ASSIGNMENT – Repeat the entries word for word. Leave nothing out.

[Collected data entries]
----------------------------------------
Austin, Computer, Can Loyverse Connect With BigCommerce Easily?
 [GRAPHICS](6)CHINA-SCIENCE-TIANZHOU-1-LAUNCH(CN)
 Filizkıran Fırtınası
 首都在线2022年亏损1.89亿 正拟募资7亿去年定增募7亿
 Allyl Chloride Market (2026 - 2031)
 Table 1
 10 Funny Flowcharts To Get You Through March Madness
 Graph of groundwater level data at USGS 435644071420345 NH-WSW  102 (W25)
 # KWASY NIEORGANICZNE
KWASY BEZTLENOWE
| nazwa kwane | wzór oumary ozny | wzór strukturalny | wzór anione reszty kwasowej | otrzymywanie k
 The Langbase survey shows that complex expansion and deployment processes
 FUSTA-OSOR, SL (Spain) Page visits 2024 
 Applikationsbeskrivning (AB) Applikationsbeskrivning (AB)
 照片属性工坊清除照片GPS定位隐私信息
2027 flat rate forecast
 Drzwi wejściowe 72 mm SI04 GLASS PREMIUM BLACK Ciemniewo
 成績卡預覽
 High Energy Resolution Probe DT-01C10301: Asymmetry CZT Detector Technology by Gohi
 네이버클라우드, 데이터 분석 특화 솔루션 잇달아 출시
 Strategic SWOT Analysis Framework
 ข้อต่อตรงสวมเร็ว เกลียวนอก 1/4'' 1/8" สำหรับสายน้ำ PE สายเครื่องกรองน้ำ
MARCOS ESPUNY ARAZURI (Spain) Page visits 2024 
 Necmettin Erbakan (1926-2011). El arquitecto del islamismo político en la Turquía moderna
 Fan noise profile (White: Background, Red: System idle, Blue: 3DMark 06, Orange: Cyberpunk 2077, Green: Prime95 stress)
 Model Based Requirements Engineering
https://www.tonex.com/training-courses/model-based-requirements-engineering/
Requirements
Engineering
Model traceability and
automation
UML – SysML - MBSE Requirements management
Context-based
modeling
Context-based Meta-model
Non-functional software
----------------------------------------
RESPONSE AREA –
Austin, Computer, Can Loyverse Connect With BigCommerce Easily?
 [GRAPHICS](6)CHINA-SCIENCE-TIANZHOU-1-LAUNCH(CN)
 Filizkıran Fırtınası
 首都在线2022年亏损1.89亿 正拟募资7亿去年定增募7亿
 Allyl Chloride Market (2026 - 2031)
 Table 1
 10 Funny Flowcharts To Get You Through March Madness
 Graph of groundwater level data at USGS 435644071420345 NH-WSW  102 (W25)
 # KWASY NIEORGANICZNE
KWASY BEZTLENOWE
| nazwa kwane | wzór oumary ozny | wzór strukturalny | wzór anione reszty kwasowej | otrzymywanie k
 The Langbase survey shows that complex expansion and deployment processes
 FUSTA-OSOR, SL (Spain) Page visits 2024 
 Applikationsbeskrivning (AB) Applikationsbeskrivning (AB)
 照片属性工坊清除照片GPS定位隐私信息
2027 flat rate forecast
 Drzwi wejściowe 72 mm SI04 GLASS PREMIUM BLACK Ciemniewo
 成績卡預覽
 High Energy Resolution Probe DT-01C10301: Asymmetry CZT Detector Technology by Gohi
 네이버클라우드, 데이터 분석 특화 솔루션 잇달아 출시
 Strategic SWOT Analysis Framework
 ข้อต่อตรงสวมเร็ว เกลียวนอก 1/4'' 1/8" สำหรับสายน้ำ PE สายเครื่องกรองน้ำ
MARCOS ESPUNY ARAZURI (Spain) Page visits 2024 
 Necmettin Erbakan (1926-2011). El arquitecto del islamismo político en la Turquía moderna
 Fan noise profile (White: Background, Red: System idle, Blue: 3DMark 06, Orange: Cyberpunk 2077, Green: Prime95 stress)
 Model Based Requirements Engineering
https://www.tonex.com/training-courses/model-based-requirements-engineering/
Requirements
Engineering
Model traceability and
automation
UML – SysML - MBSE Requirements management
Context-based
modeling
Context-based Meta-model
Non-functional software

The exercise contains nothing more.